In this last round of policy tightening, many cities aimed to curb investment demand by increasing down payment requirements for second-home buyers and re-imposing home purchase restrictions (HPRs) for non-local residents. In Suzhou and Nanjing, the minimum down payment was raised from 30% to 80% for buyers holding one mortgage and purchasing their second homes, while non-local residents were banned from buying second homes. In Beijing and Shanghai, government officials have even pledged to address the shortage by increasing land supply and building more small- to medium-sized units.
These new measures will impact sales volume, which is very likely to fall in the coming months, just as they did in Shanghai in April, when the local government introduced its first round of policy tightening at the end of March. While sales volume will likely fall, we do not expect house prices to see any meaningful correction in the short term. After nearly a year of robust sales, inventories in most of these higher tier cities are now at record lows, which strengthen developers’ pricing power.

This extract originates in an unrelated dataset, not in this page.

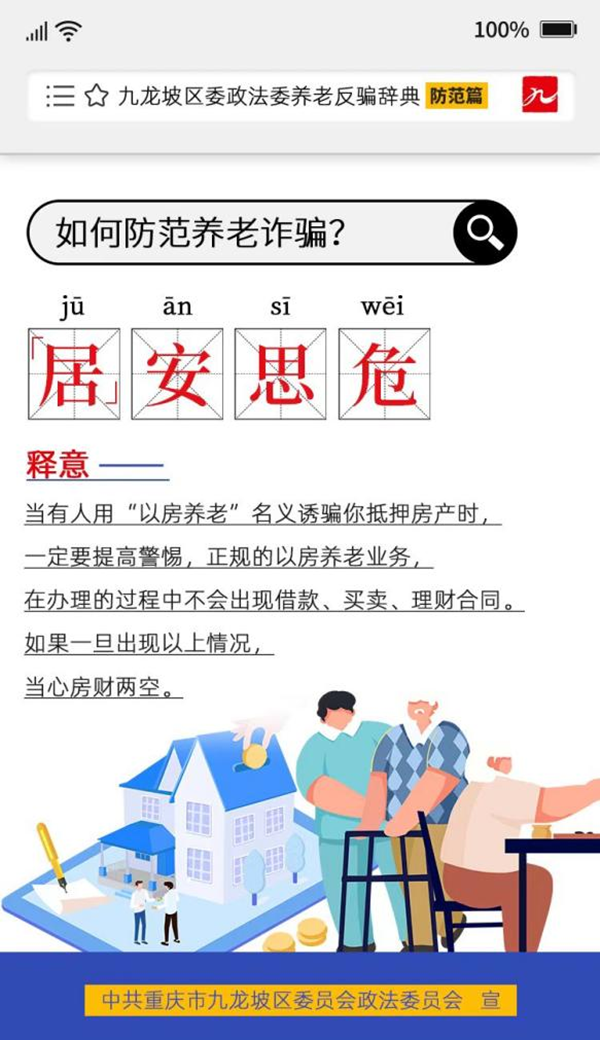 重慶市九龍坡區推出《養老反騙辭典》防範篇 重點解讀八個風險點_fororder_圖片8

Chart 1: Mass market inventory across 20 cities
Source: CREIS, JLL
Despite this shift in policy stance, the fundamentals of China’s housing market remain largely unchanged over the medium and long term. Higher-tier cities, such as Shanghai and Beijing, will still be the most attractive locations for domestic migration. This migration will provide continual strong support to the local housing markets, although lower tier cities will struggle to find growth engines and consequently their ability to absorb excessive inventories will be limited. That said, the reinstated HPRs in China’s top-tier cities could result in demand spilling over into some lower tier cities, although interest will be limited to a small number of strategically located cities.

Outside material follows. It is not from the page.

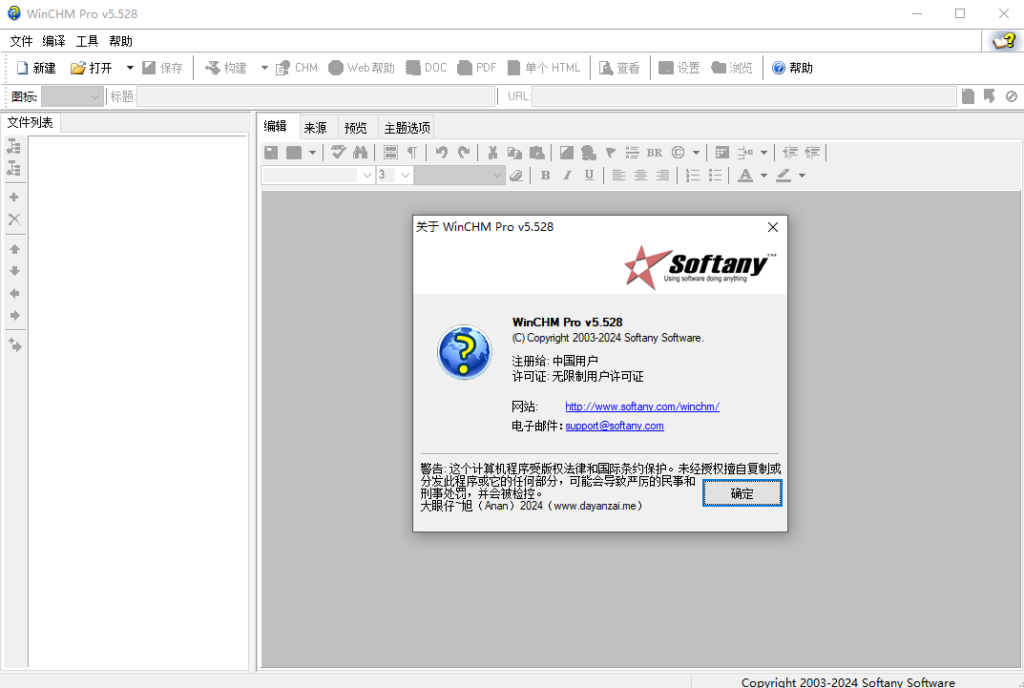 Softany WinChm Pro v5.52汉化稳定版+激活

We are of the view that the new tightening measures were actually much needed because the housing market appeared to be on the verge of overheating in many top-tier cities, where buyers were substantially increasing their leverage for new home purchases and developers were paying skyrocketing prices for land plots. The new measures will help buyers rationalise their home purchases and divert some of their wealth into other asset classes.